We know an execution is possible, because it has happened before, only seven months ago. On the 2 January 2016, at the dawn of the new year, the world awoke to horrifying news that peaceful social justice activist Sheikh Nimr al-Nimr, along with a youth protester and three minors, had been executed as part of a mass execution of 47 individuals by the Saudi authorities.
Sheikh Nimr al-Nimr
The timing of this execution was strategically calculated, occurring during a global holiday season and followed a lukewarm reaction from the international community to previous media leaks related to news of the sheikh's imminent execution.
"The trumped-up charges levied against my son could only be capable by a trained 'commando', and not by a young teenage boy," said Ali Mohammed's father, Mohammed al-Nimr during a TV interview. Ali Mohammed was violently arrested as a child (age 17) in 2012, in connection with his participation in peaceful Arab spring demonstrations in Saudi's eastern province during 2011-2012.
Months into his detention, during the first official family prison visit, Ali Mohammed's mother described her son's face as "unrecognisable" with clearly visible facial wounds, and during this visit Ali Mohammed complained of torture saying he wished he had died during the first six months of imprisonment. Eventually, Ali Mohammed was brought before the notorious "terrorism court" and sentenced to death in 2014, following an unfair trial based on a coerced confession.
Renewed fears of his imminent execution revolve around recent tweets on Ali Mohammed al-Nimr's case from notorious social media pro-government Twitter account @KSA24, which falsely accuse him of violent crimes, such as the murder of police officers. Such a strategy, suggests the start of a targeted defamatory media campaign to present him as a criminal and build the support and sentiment of the Saudi public for such an execution.

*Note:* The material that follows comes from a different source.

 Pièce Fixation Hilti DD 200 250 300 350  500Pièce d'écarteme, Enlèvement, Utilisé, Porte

This represents a worrying development, as it mimics a similar defamatory media campaign which targeted Ali Mohammed's uncle, Sheikh al-Nimr, prior to his execution. The very same Twitter account accurately foretold the execution of Sheikh al-Nimr through several tweets in the month leading up to his death.
The importance of international support and advocacy cannot be overemphasised. Ali Mohammed al-Nimr remains alive today primarily due to the international outcry in the wake of news of his death sentence conviction being upheld in August 2015. The response was swift and direct: a resolution from the EU parliament to halt the execution, an official statement by UN experts, raising the profile of his case.

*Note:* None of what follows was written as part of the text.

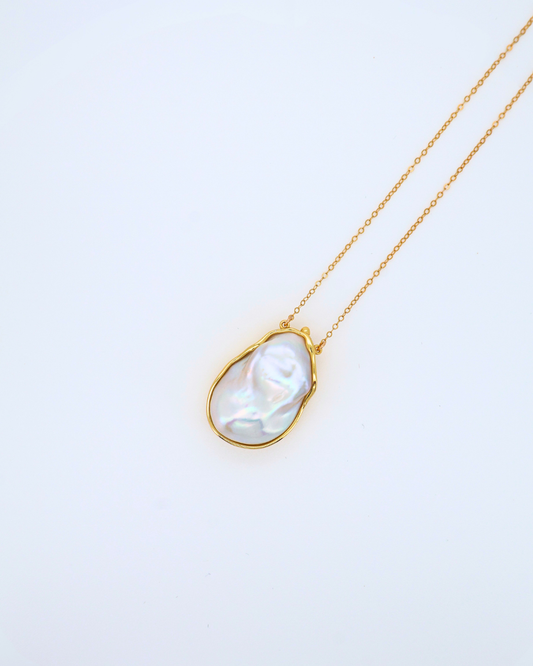 Golden Frame – Large Baroque Pearl Pendant Necklace with 18K Gold Setting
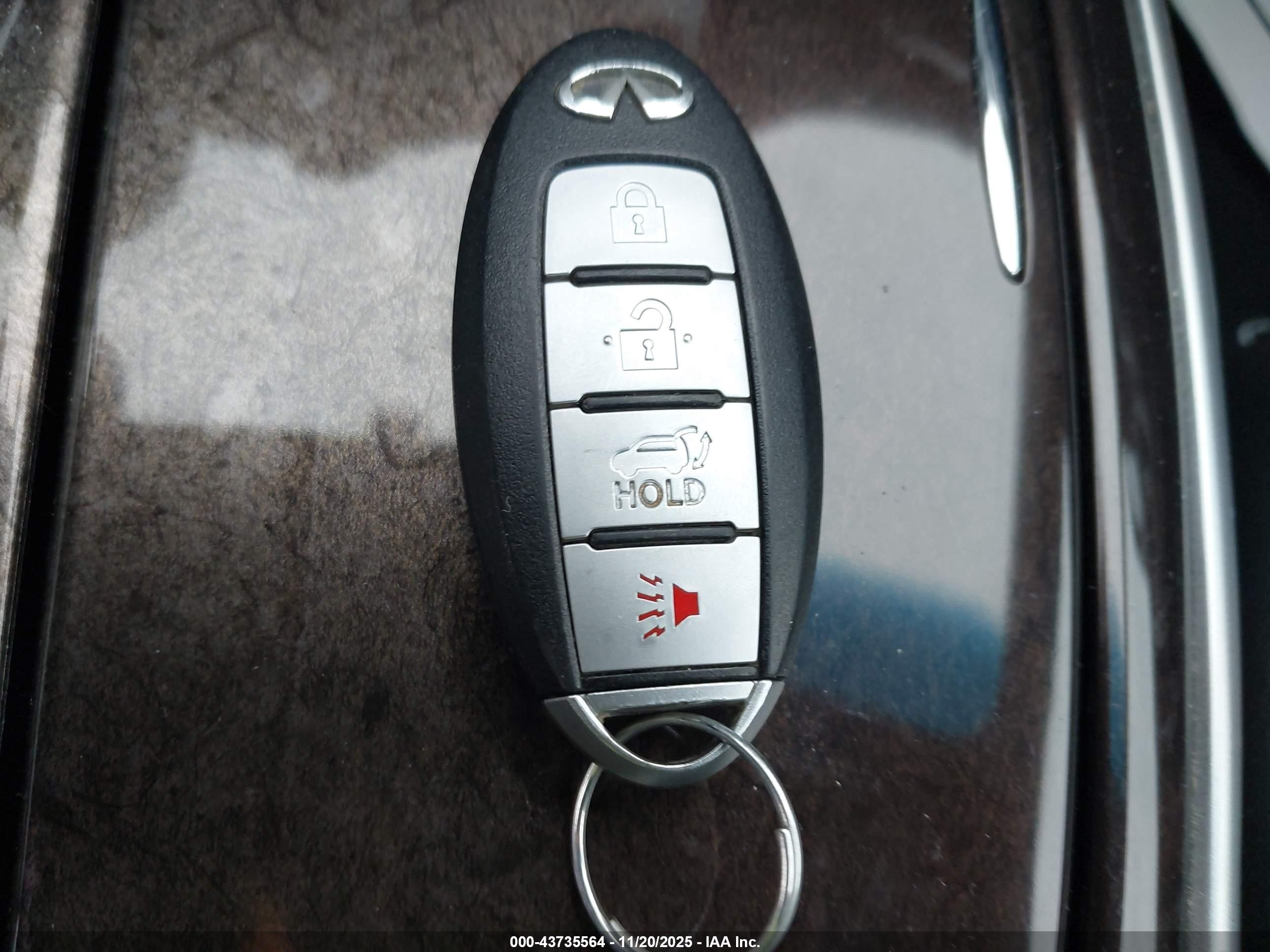 INFINITI JX35 image 11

Major media outlets picked up the story, and overnight, handsome young Ali Mohammed became the symbolic poster boy emblematic of Saudi's human rights abuses. Online campaigns and petitions ensued. The similar cases of two other Saudi protester minors sentenced to death – Dawood al-Marhoon and Abdullah al-Zaher – were also picked up, prompting further calls to end Saudi child executions, and the launch of online hashtag campaign #FreeThe3.

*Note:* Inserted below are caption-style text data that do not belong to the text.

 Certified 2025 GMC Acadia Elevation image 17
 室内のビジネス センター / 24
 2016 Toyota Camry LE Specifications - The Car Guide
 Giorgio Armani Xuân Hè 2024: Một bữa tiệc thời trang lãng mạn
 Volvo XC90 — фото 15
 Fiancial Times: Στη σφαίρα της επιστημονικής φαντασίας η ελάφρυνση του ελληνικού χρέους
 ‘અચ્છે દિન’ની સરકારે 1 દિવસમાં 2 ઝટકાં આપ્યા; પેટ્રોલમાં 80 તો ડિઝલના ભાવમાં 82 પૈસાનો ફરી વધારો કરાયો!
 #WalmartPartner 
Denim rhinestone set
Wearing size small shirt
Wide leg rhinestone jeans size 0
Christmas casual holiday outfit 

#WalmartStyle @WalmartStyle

Had it not been for the media and international pressure in late 2015, these three minors would have been executed alongside Sheikh al-Nimr in January 2016. In October 2015, former UK foreign minister Philip Hammond said: "Ali [Mohammed] al-Nimr would not be executed," leading to many breathing a sigh of relief. But be warned, the moment the Saudi authorities sense that public reaction has subsided, they will seize the opportunity to implement the death sentences of these young protesters, all of whom currently remain on death row with no signs of clemency in their cases.
International law prohibit the use of the death penalty against minors. Saudi Arabia officially contended in a 2014 report submitted to the UN that it does not execute minors. In reality this is nothing but PR spin. The 2016 mass execution spree saw the execution of four minors. One of these minors was Ali Saeed al-Rebh, a pro-democracy protester from the eastern province, arrested at the age of 17.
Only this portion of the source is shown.